Deep dive into LLMs with Andrej Karphaty

Published on Feb 13, 2025

Here are some notes taken while wotching the video on LLMs created by Andrej Karphathy. Thank you, Andrej!

Initial training

It involves data crawling, parsing, clearing out. Then tokenizing and feeding into CNN. The weights are adjusted and as a result we have BASE or completion models. This process is extremely computational intensive.

*-instruct models

Means that they are not just BASE models but also were taught by huge set of “few-shot” conversations created by human experts and labellers.

Few-shot learning

Ball: Ball, Dog: Hund, Cat: …

Here LLM adds “Katze” based on the few shots.

“Vague recollection” vs. “Working memory”

Knowledge in the parameters == Vague recollection (e.g. of something you read 1 month ago) Knowledge in the tokens of the context window == Working memory.

Working memory is usually done by pre-feeding (copy&paste) data in the general prompt or by RAG solutions.

LLM’s Self

It is input-output pure function, no self! Each times it starts, runs its statistic/stochastic stuff and then shuts off.

During the fine-tuning it gets this “self” during fine-tuning or based on the similar data in the internet. So it can hallucinate easily.

Still, you can program this out.

It needs tokens to “think”

image.png

Left is significantly worse! It gives immediately the answer. That is totally bad for training. It reads and generates tokens from left to right.

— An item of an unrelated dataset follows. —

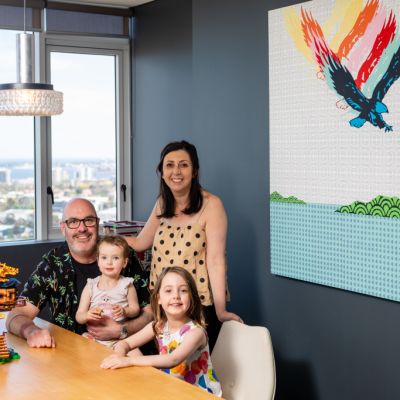 The family of four with a ‘house in the sky’ in Melbourne’s Docklands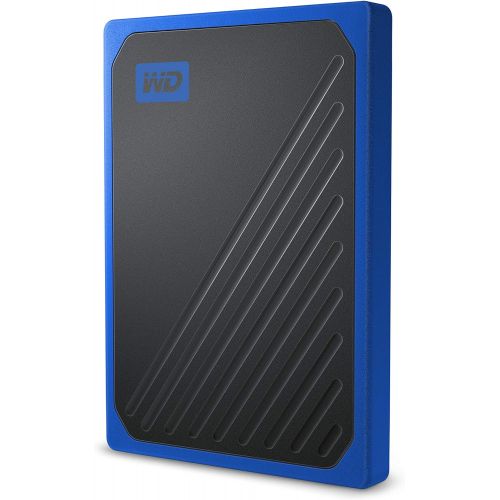  Western Digital WD 500GB My Passport Go Cobalt SSD Portable External Storage - WDBY9Y5000ABT-WESN (Old model)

On the right, we show ongoing process, we create step-by-step calculations.

So it builds its own context window, building tokens one by one, and helping itself to come to the answer.

Hint by Andrej — ask to lean on tools

For such kind of questions it is better to ask “use code”, because it would do a solution more reliable. LLM uses a tool, it is not relying on its mental arithmetic.

You can also ask “use code interpreter” or “use web search”.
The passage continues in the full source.